Separation anxiety is a sign of a close attachment bond between baby and his/her parents.  Because of the strong bond, children fear losing the people he/she is dependent upon for love and care.  This is normally seen around 9 to 16 months old, among other times.

As your baby has a new-found ability to wander farther from his/her caregiver, new independence and the realization that the world is a bigger and scarier place causes your child to have separation anxiety.

Your child may become clingy and even cry when you leave the room.  The degree will differ from child to child. 

If we help our kids through this appropriate developmental stage with compassion and patience, we can help them become emotionally resilient and learn to better tolerate the separation while also teaching them a self-reliance that will lay a strong foundation for the future.

Be careful not to let your own anxieties fuel your child's separation difficulties.  If he senses your apprehension about leaving, he will:  1) think there is something to fear; and 2) think he can keep you from leaving.  Children cannot handle that kind of power on their small shoulders.

Healthy separations teach trust, faith, patience, courage, and self-confidence.

Tips for Coping with Separation Anxiety:

  1. Create traditions and rituals around leaving.
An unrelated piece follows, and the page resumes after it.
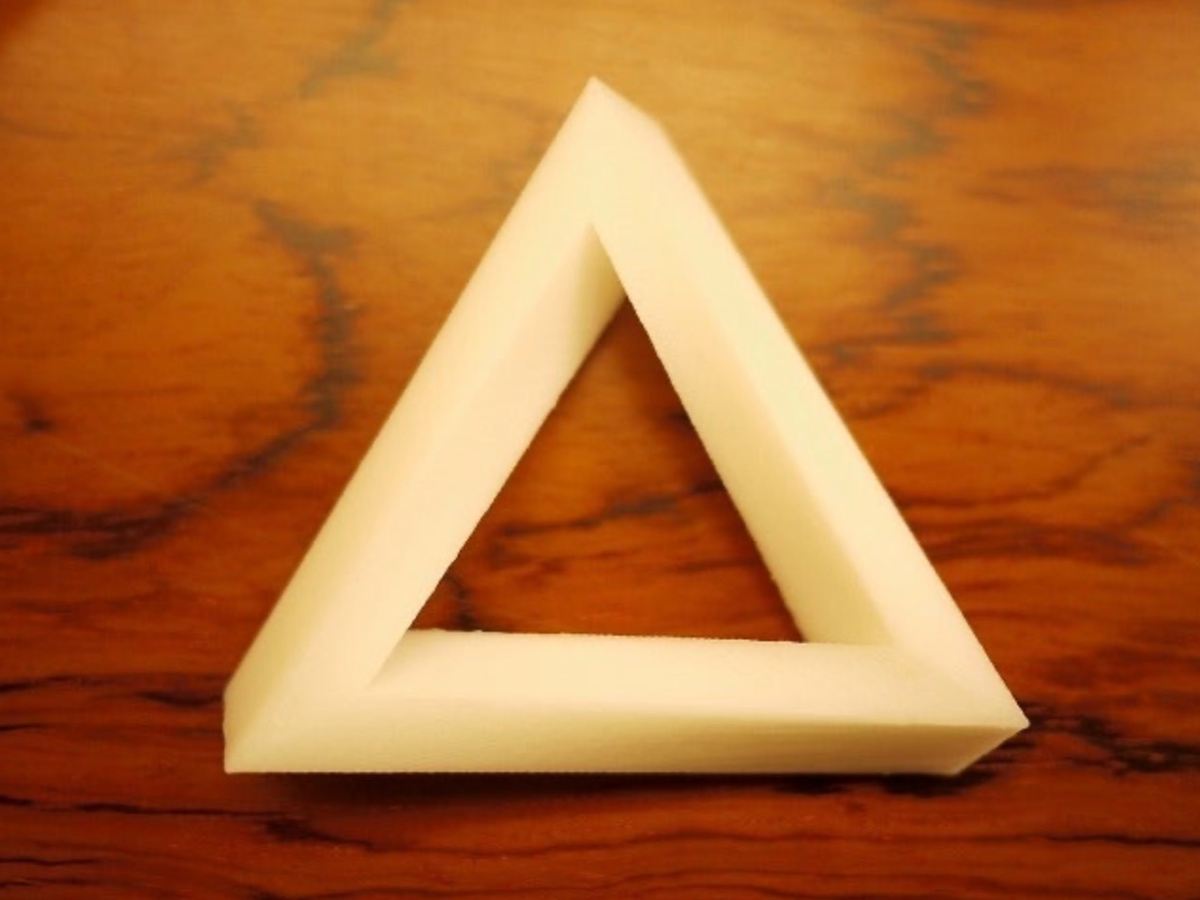 Photo de Objet 3D fun et facile à imprimer / impression 3D facile: Triangle de Penrose (Escher)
Let your child choose how he will say goodbye.  For example, he/she may push you out the door, give a big hug or kiss, sing a song with you, read a book, (i.e., The Kissing Hand, Sing "My Mommy Comes Back")
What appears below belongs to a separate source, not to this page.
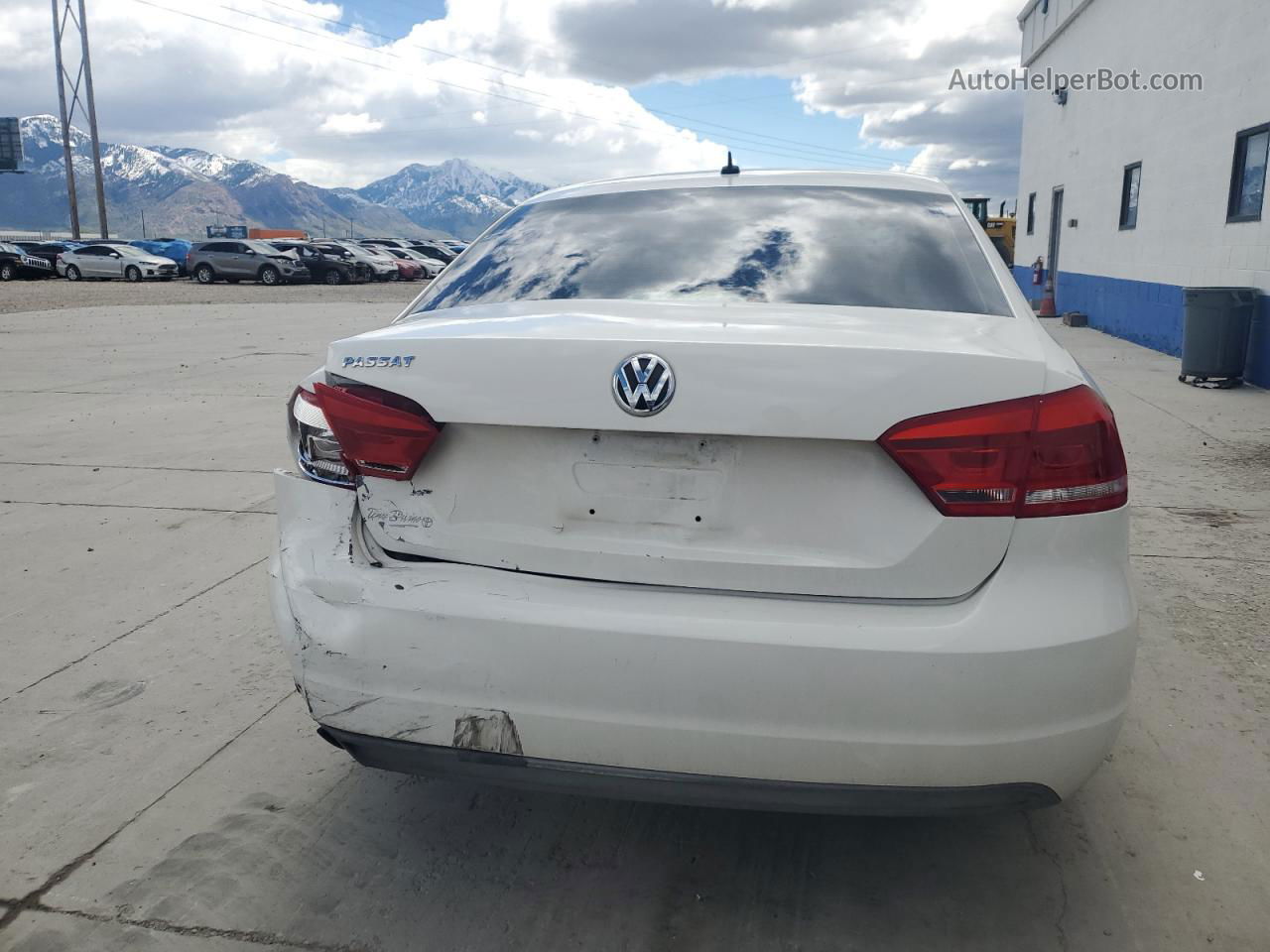 2013 Volkswagen Passat S White vin: 1VWAP7A34DC052217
  2. Make sure your child is familiar with the caregivers who will be with him while you are gone.  If not, take the time to help him become familiar and allow time for warming up to a new place.
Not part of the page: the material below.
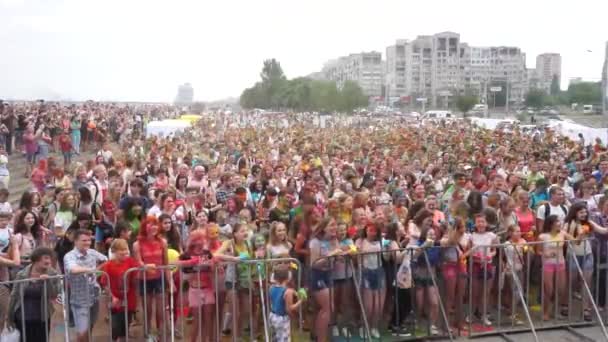 Lot Lotniczy Nad Tańczącymi Ludźmi Tłum Holi Festiwalu Kolorów Festiwal — Wideo stockowe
  3. Do emotion coaching.  "It's sad when Mommy leaves." A little empathy goes a long way.  Tell him you look forward to when you come back and you can bake cookies together.

  4. Give lots of positive reinforcement about each step of courage.

  5. Try not to be late!  This teaches children that they can trust your word.  A short amount of time seems longer to kids.

  6. Be organized and allow enough time that your goodbye is not rushed.  Have a nice time together before you leave for an extended period of time.

  7. Help your child adapt into the situation.  (school or sitter, etc...)  Get them into an activity.  This will help him say goodbye to you.

  8. Use transitional objects to help them to "feel the connection" with you even when you are gone.

  9. Anticipate the good things that will happen while you are gone.

  10. Make sure his caregiver is there to help your child become engaged before you leave.